It’s the same with education.
At the post-secondary level, America spends 93% more money per student than the OECD average. That’s right — it costs $30,000 per American student, versus $16,100 for students across Finland, France, etc. Their students finish university, get a job, and invest and spend their income into the productive economy instead of enriching corrupt bankers who further rig the game. Which system costs society more?
If America acted a little less individualistic and corporatist, it could chop the price of post-secondary education in half — meaning we could educate twice as many students for the same cost.
Make universities teach again
Another key — and this is a really radical one — is to make universities actually focus on education. Let’s face it: Many of America’s universities are essentially theme parks for frat boys and sorority girls. Some have waterslides. Some have golf courses. They all have football stadiums. And while all of this is fun, it has nothing to do with educating students.
Ever heard of Tapping Reeve? He built America’s first law school in his backyard. It’s a 20 x 20 wooden room — I’ve visited it — with zero watersides in sight. He charged a small tuition and got local families to board his students. He used a series of lectures, case studies, and mock trials to get his points across, and his teaching methods have become standard practice in law schools to this very day. In that little room, Reeve trained more than 1,100 students including two vice presidents, several Supreme Court justices, congressmen, senators, judges, and businessmen, many of whom helped guide and shape the new American nation.
We need that kind of education again.
Let’s do the math
Even if we didn’t go Tapping-Reeve-minimalist, at $20,000 to educate a student through university it would cost around $400 billion to fund free post-secondary for 20 million students.
So 6% of the Federal budget… to support 6% of the population.
It’s roughly what the military spends every six months. (Oddly enough, the military understands the need for education — that’s why it pays for post-secondary for all its people.)

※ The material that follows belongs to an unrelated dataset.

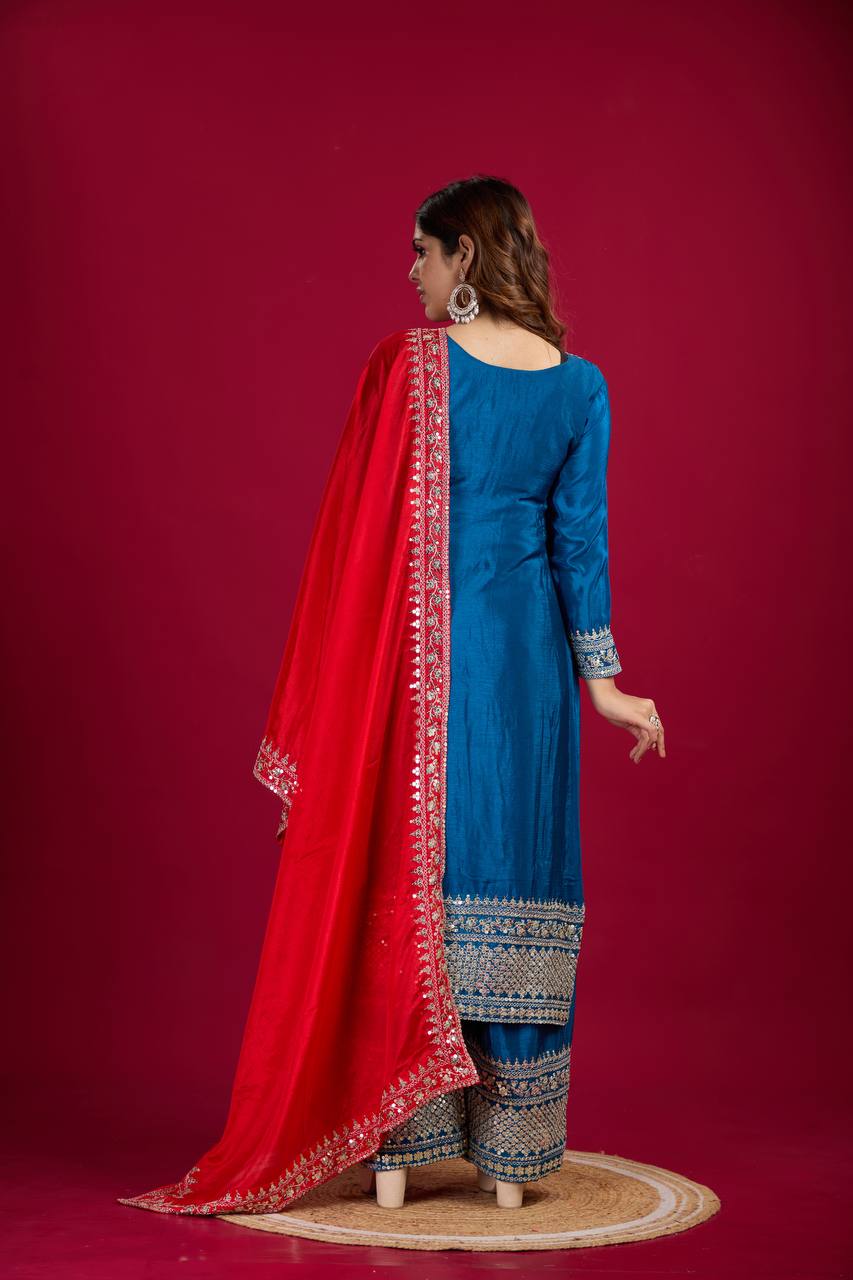 Teeya Creation Blue Colour Chinon Silk Heavy Embroidery Work Fully Stitched Salwar Suit - Distacart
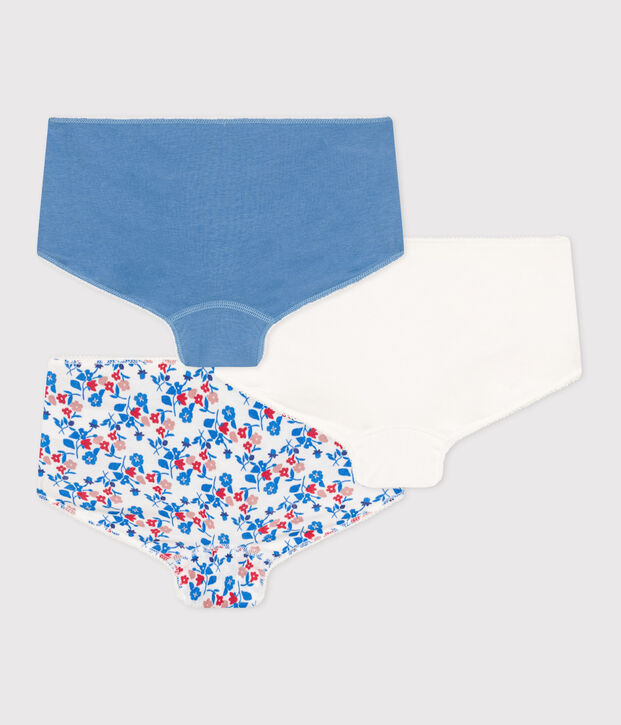 Lot de 3 shorties enfant en coton fleuris multicouleur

And let’s not forget that paying for post-secondary education is essentially an investment in upgrading a taxpayer into a new tax bracket.
On average, college graduates earn $1 million more in earnings over their lifetime. At the current 22% personal income tax bracket, that’s an extra $220,000 in public funding.
Every dollar invested in post-secondary education creates a $13+ return for the commons. How are we not making that investment all day every day?
Make America smart again
It should be pretty obvious to anyone who isn’t a sociopath what we should do next:
Invest in free public education from kindergarten through post-grad. (If that’s too scary, start with free med school — flood the market with doctors and drive the cost of healthcare through the floor.)
Declare a student debt jubilee and erase all $1.53 trillion. We can’t afford to choke the life out of any more people with this fake paper credit noose. Every after-tax working dollar that’s delivered to an extractor-banker is time stolen from a real contributor.
Force private universities to spend an aggressively higher portion of their endowments each year. In Canada, the tax code requires endowments to spend 4% of their fund each year. That number could easily be tripled so universities don’t just horde wealth that should be invested in education. Right now, American universities are sitting Smaug-like on half a trillion dollars that should be spent on education.
Invest heavily in re-building our apprenticeship system. The best university might just be the school of life and real-world practice.
We talk a big game about racial equality and gender equality and equality of opportunity, but we’re missing the easiest alley-oop slam dunk of all time: the meritocracy that is the university system. Let everyone in, see who rises, then unleash them to contribute their best selves to a world in need.
This is how we make America smart again.
In praise of the status quo
When improvements this obvious remain undone for so long, I always ask myself the same question: Who profits from keeping things exactly the way they are?
If our goal is to have an ignorant population where more people are systemically forced into bankruptcy each year than graduate from college… then keep things the way they are.
If our goal is to load our youth with a massive burden of debt that they will carry for decades to come… then keep things the way they are.
If our goal is to make the rich richer and keep the poor poorer by keeping them from widening their horizons of opportunity… then keep things the way they are.
If our goal is to keep elites and their offspring in power even if others have far more merit to lead… then keep things the way they are.
If our goal is to leave our children so ill-equipped for the digital future that they’ll desperately take any gig job that’s available… then keep things the way they are.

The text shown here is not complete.